* _Available data_
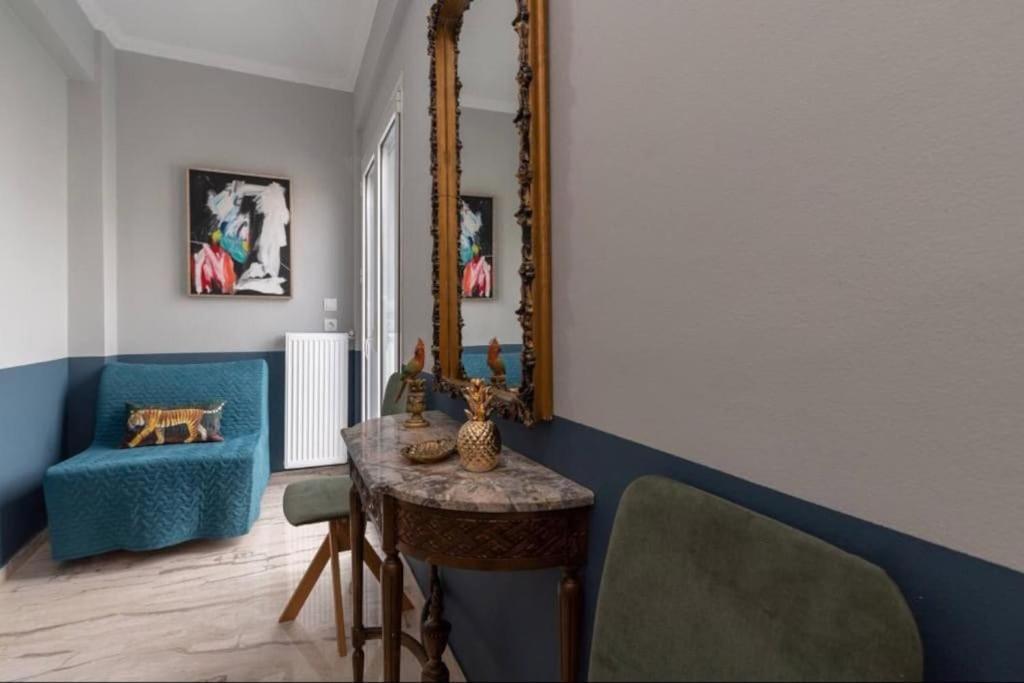 Artistic Apt In Vibrant Gazi With Large Terrace By Ghh Atina Dış mekan fotoğraf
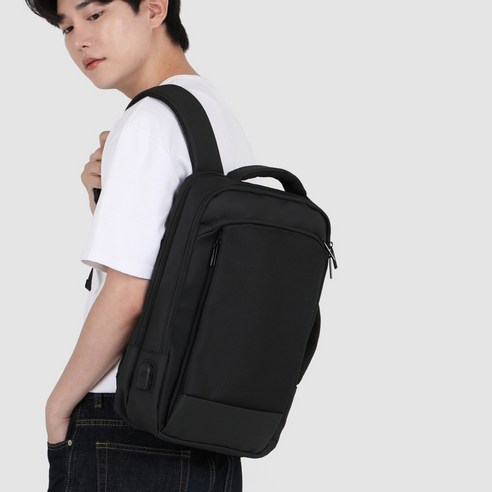 방수 기능과 노트북 보관공간이 탁월한 빈티지바이브 노트북 백팩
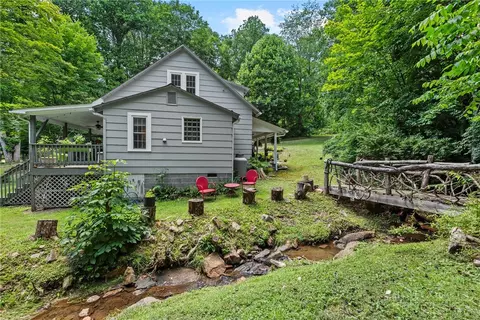 129 Troys Trl, Todd, NC 28684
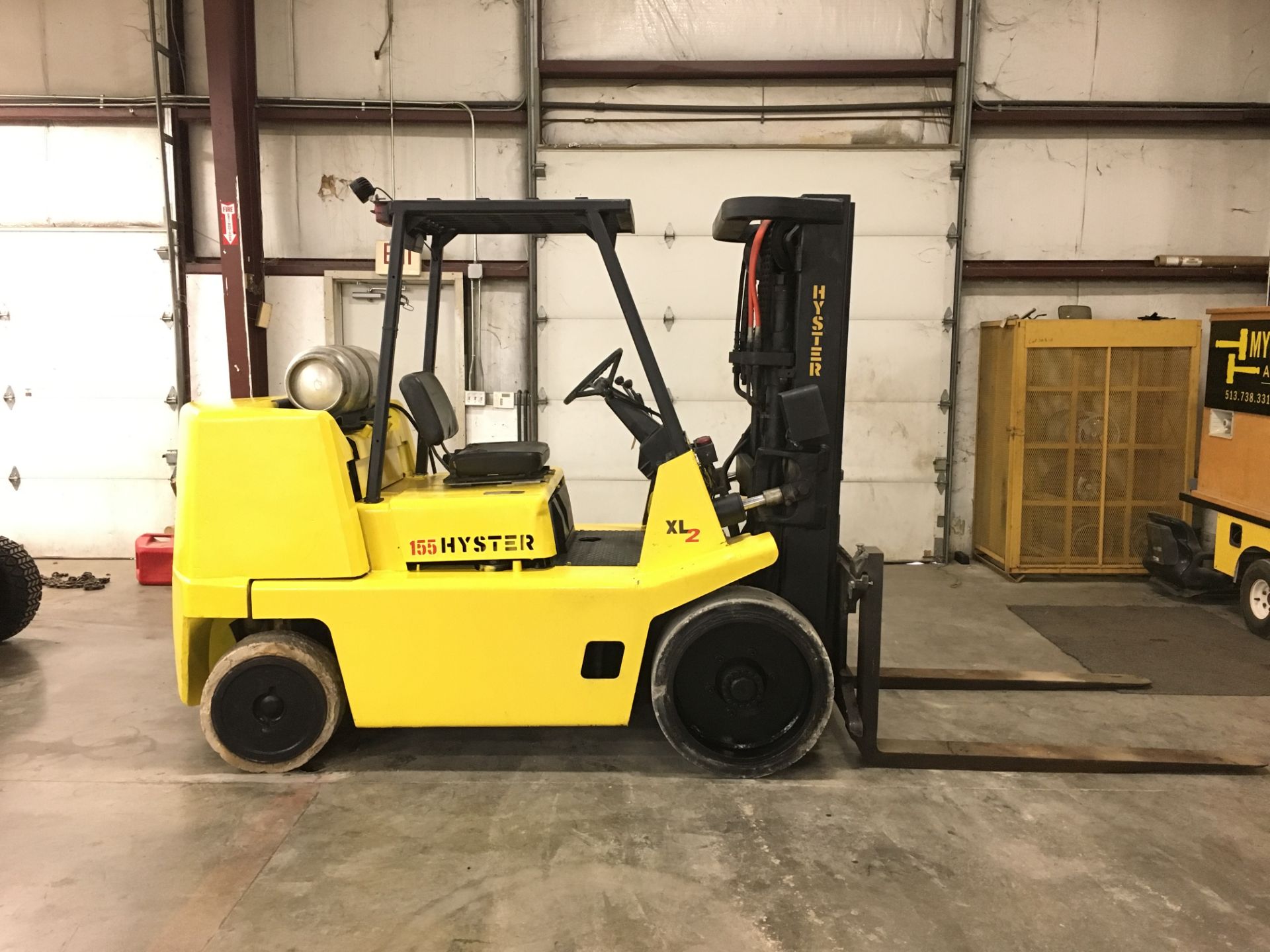 2005 HYSTER 15,500-LB, MODEL: S155XL2, LPG, LEVER SHIFT, TIRES, 149” RAISED/88" LOWERED 3-STAGE MAST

* _Task to carry out_
Repeat word for word the lines from the one holding "129 Troys Trl, Todd, NC 28684" through the last line of the listing above, including both ends. Drop the pictures.

* _Result of the task_
 129 Troys Trl, Todd, NC 28684
 2005 HYSTER 15,500-LB, MODEL: S155XL2, LPG, LEVER SHIFT, TIRES, 149” RAISED/88" LOWERED 3-STAGE MAST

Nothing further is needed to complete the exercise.